When Lentil’s heart stopped during the delivery I was terrified that it was because he had HOS.  Terrified that he had a serious heart condition that hadn’t been picked up on the scans.  Terrified that my genes had caused his death.  Thankfully the post-mortem showed that this wasn’t the case, Lentil didn’t have HOS, he was perfect, his death was just one of those awful things, an umbilical cord accident.  It showed me that HOS wouldn’t be the worst thing to happen to any child of ours.  Lentil put HOS into perspective for me.  

Yes, at times, things are a struggle.  As a child I struggled with looking different, I wanted a false arm that I could wear when I first met people so that they wouldn’t know, especially as I got older, being an awkward teenager, I thought boys would never be interested.  I was scared of my heart condition.  I have back and hip pain most of the time because of the way that I have to bend to reach things.  It can be hard for me to manage every day tasks.  But would I ‘be cured’ if it was an option?  Absolutely not.  My arms are a big part of who I am.  If we have children who have HOS or any other disability I hope that they feel as positive about their condition as I now do about mine.  I wouldn’t wish HOS on my children but I wouldn’t be devastated if they had it either.  We just want a baby who we can take home from the hospital, who we will love no matter what.
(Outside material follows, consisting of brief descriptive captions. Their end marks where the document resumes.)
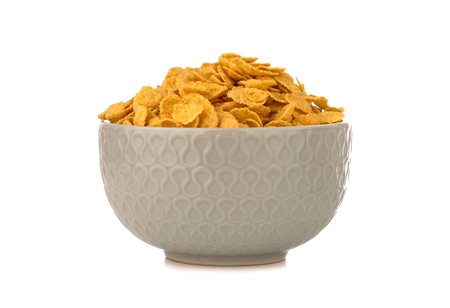 Cornflakes on a white background. Cornflakes in a bowl close-up.の写真素材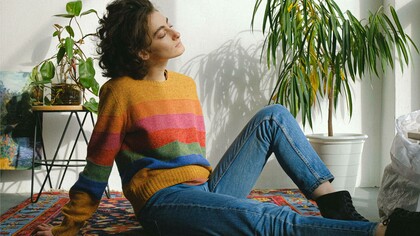 A woman relaxing as she draws inspiration for her next creative project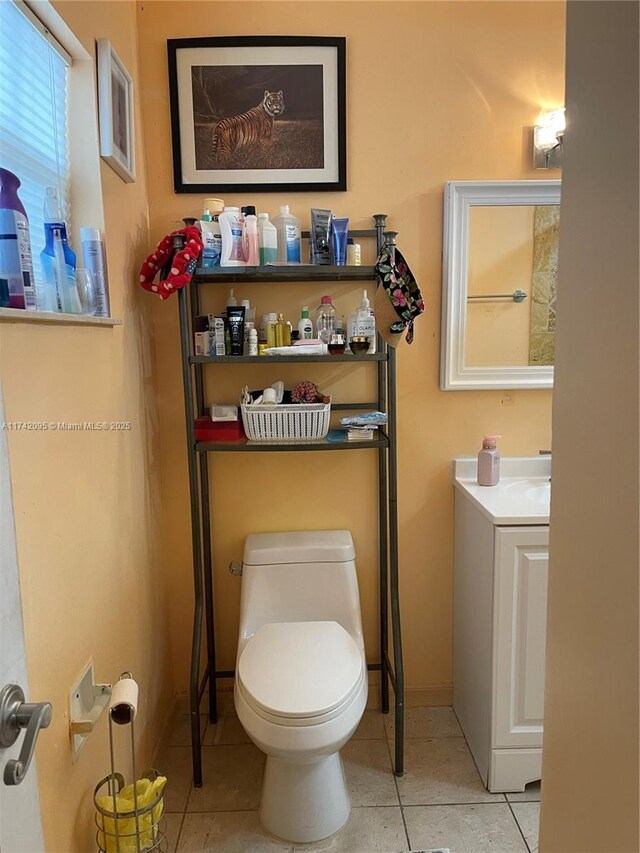 bathroom with vanity, tile patterned flooring, and toilet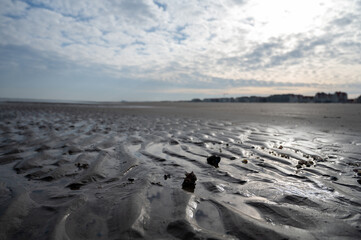 Low tide period on yellow sandy beach in small Belgian town De Haan or Le Coq sur mer, luxury vacation destination, summer holidays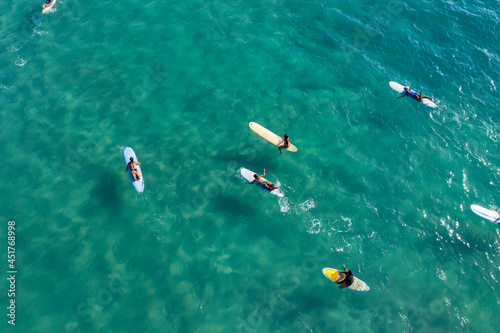 Surfers sit on their boards waiting for the waves in the blue sea, clear water.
2 thoughts on “Playing The Numbers Game

  1. This is a beautifully written testimony about balancing risks, embracing difference and being resilient. Thank you for sharing your perspective.

    I’m a control freak and that makes me risk averse. When it came to having children, however, I used the statistics and probabilities as useful information but not as a guide or rule book. The deaths of not one but two of my older brothers taught me that life is full of risk and loss but is always worth pursuing. I also had relatives with disabilities and impairments, including some my babies were at risk from, but we pursued parenthood regardless. Obviously my fourth son was stillborn and his condition turned out to be one of those random “it just happens” things. We can be informed and make good decisions and still sometimes $h!tty bad luck just happens. My final pregnancy was fraught with various problems and lots of risks that made it emotionally difficult but we still accepted all the risks, even refused some interventions such as amnio. I guess hope just has to be stronger than fear. Maybe that approach to life doesn’t work for everyone but, at least in regard to family planning, it worked for us.

    Thanks again for writing this post. I hope people read it and find it widens their perspective.